A regional grid is a win-win for countries importing and exporting renewable energy, Dr Tan noted.
It will not only help Asean achieve its net-zero ambitions earlier, he said, but also bring about economic growth to the countries. 'Given the vast amount of potential that is within Asean itself, you could unlock significant economic opportunities,' he added.
A
US-Singapore study on energy connectivity in South-east Asia had assessed that building the Asean power grid can generate US$2 billion (S$2.6 billion) annually in research and development, and create as many as 9,000 jobs a year.
Asked if the breakdown of multilateralism around the world helped to focus attention on the importance of the regional grid, Dr Tan said: 'I think that in a way, we've all been encouraged as a result of all of the recent developments.'
He added: 'I don't think there's any one major particular push. It's a whole series of nudges. I think the tariffs could also be one of those reminders to encourage all of us to come together and work even more closely as one united Asean.'
Dr Tan said the other pathways that Singapore is exploring – such as the use of carbon capture technologies, the potential of hydrogen as a clean fuel, or tapping nuclear energy – are 'still some distance away'.
'So I think in the foreseeable next five years, you will see a lot of work on renewable energy imports, and at the same time, still natural gas, and how to decarbonise natural gas.'
The importance of partnerships
Calling his new portfolio a 'redesignation' since he had also overseen energy issues as Second Minister for Trade and Industry, Dr Tan said the new title will help him up the ante in international partnerships.
'It allows a more seamless coordination across the different government agencies within Singapore and also at the same time, when we negotiate internationally,' he said, noting that many countries have dedicated energy ministers.
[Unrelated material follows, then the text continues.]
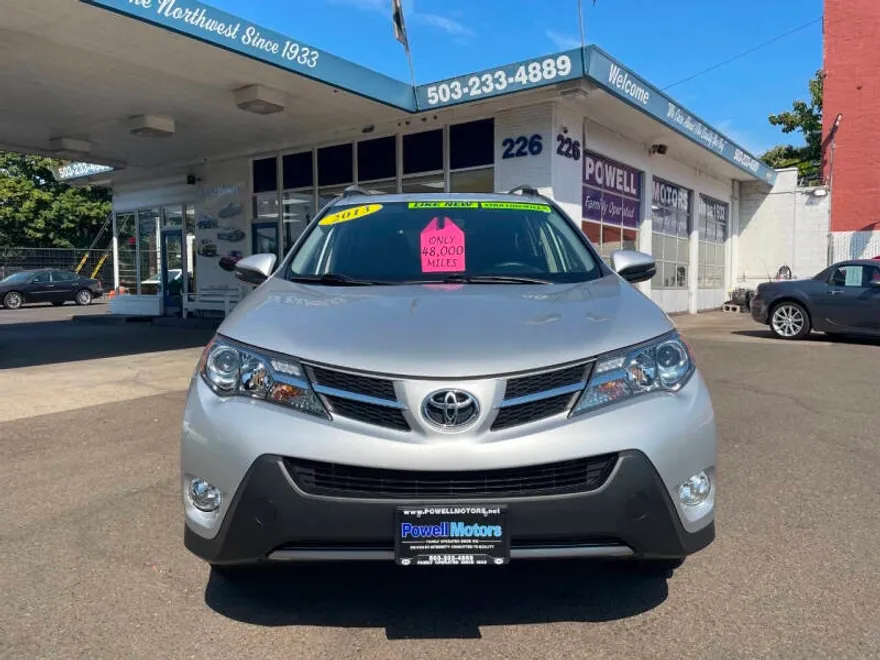 2013 Toyota RAV4 XLE photo 1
Dr Tan said that while progress on the Asean grid has been made, challenges remain. These include logistical issues like the need to upgrade existing infrastructure to transfer energy.
This is where Singapore could step in to provide investments, such as initial funding to crowd in more capital for cross-border energy projects.
For example, the Government has appointed Singapore Energy Interconnections, a newly incorporated government-linked company, to specialise in developing cross-border power infrastructure.
Singapore's
$10 billion Future Energy Fund – set up to catalyse investments in clean energy technology that may involve high upfront costs and significant commercial, technological and geopolitical risks – could also provide initial funding.
But to attract other sources of capital, such as from the private sector, government-to-government frameworks will be needed to give investors greater certainty, said Dr Tan.
That would improve the 'bankability' of such projects, he said. 'I think it will attract significant investments, both from public capital, private capital, and even longer-term philanthropic capital.'
Going forward, Dr Tan said natural gas will likely remain a core pillar in Singapore's energy mix.
But its share will change depending on the development of technologies.
'A good position for Singapore is that by the mid-2040s, natural gas will be around just slightly below 50 per cent of our mix,' he said.